[Start of section]

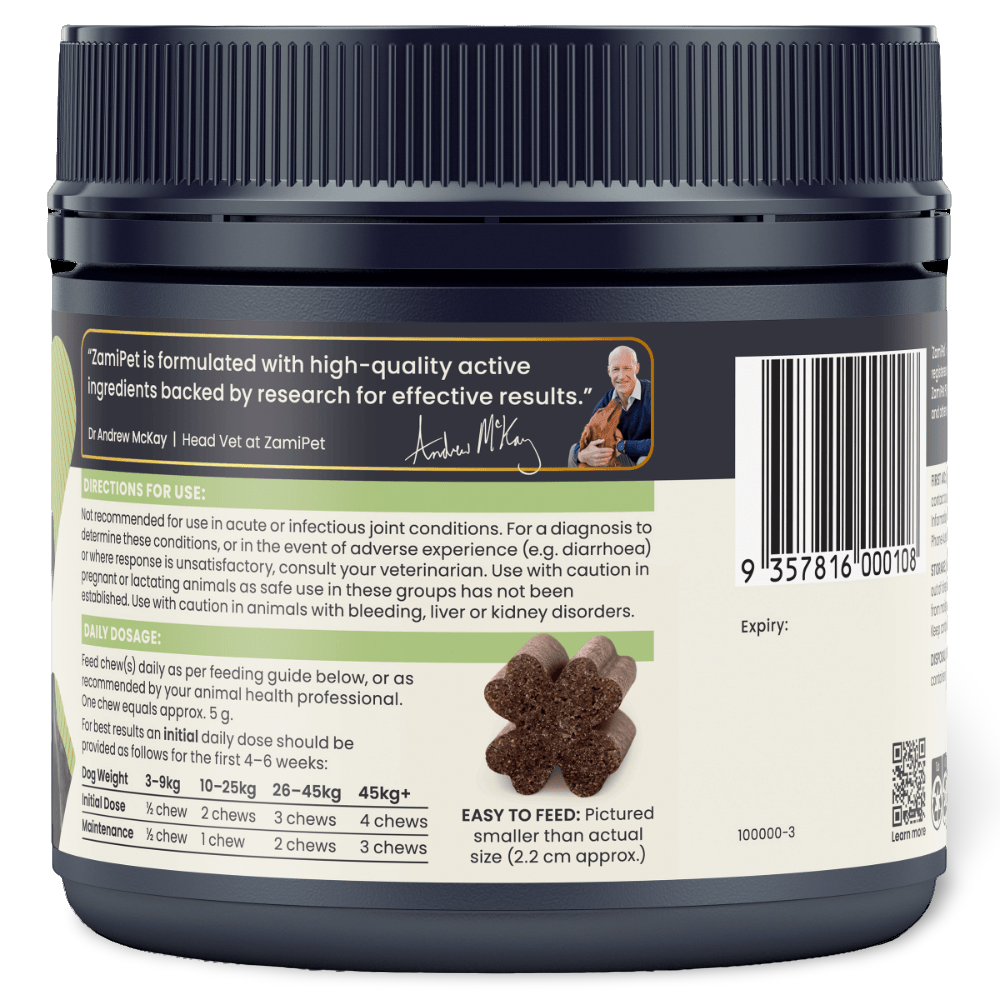 Joint Protect Chews for Dogs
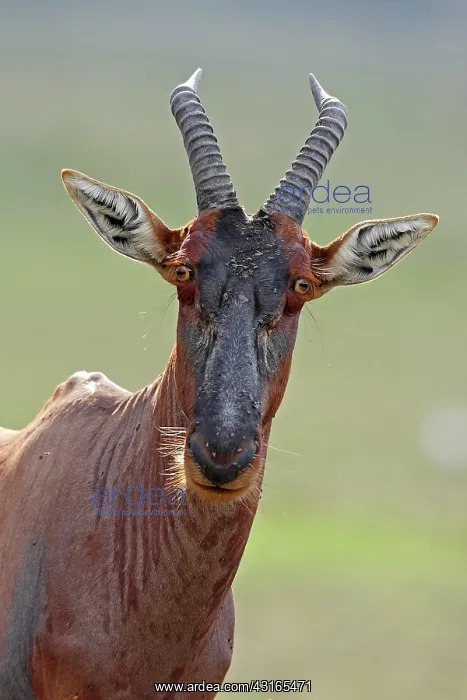 : Topi. Portrait of a Topi (Damaliscus korrigum) looking at the camera : Topi. Portrait of a Topi (Damaliscus korrigum) looking at the camera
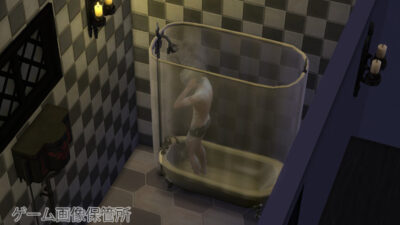 The Sims4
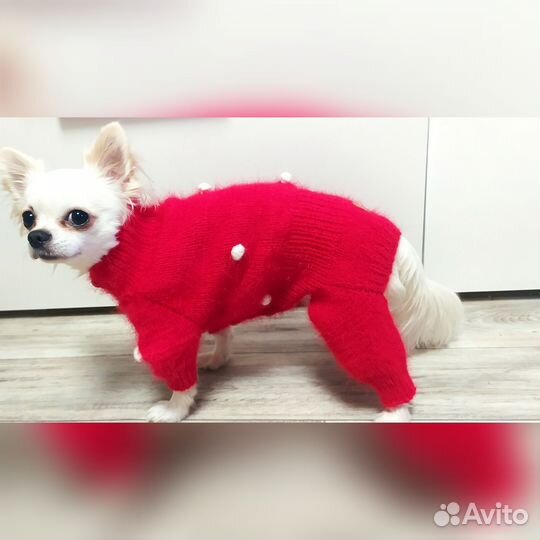 Вязаный комбинезон для собаки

[End of section]

Set the listing down verbatim, excluding pictures.

## Solved exercise
 Joint Protect Chews for Dogs
 : Topi. Portrait of a Topi (Damaliscus korrigum) looking at the camera : Topi. Portrait of a Topi (Damaliscus korrigum) looking at the camera
 The Sims4
 Вязаный комбинезон для собаки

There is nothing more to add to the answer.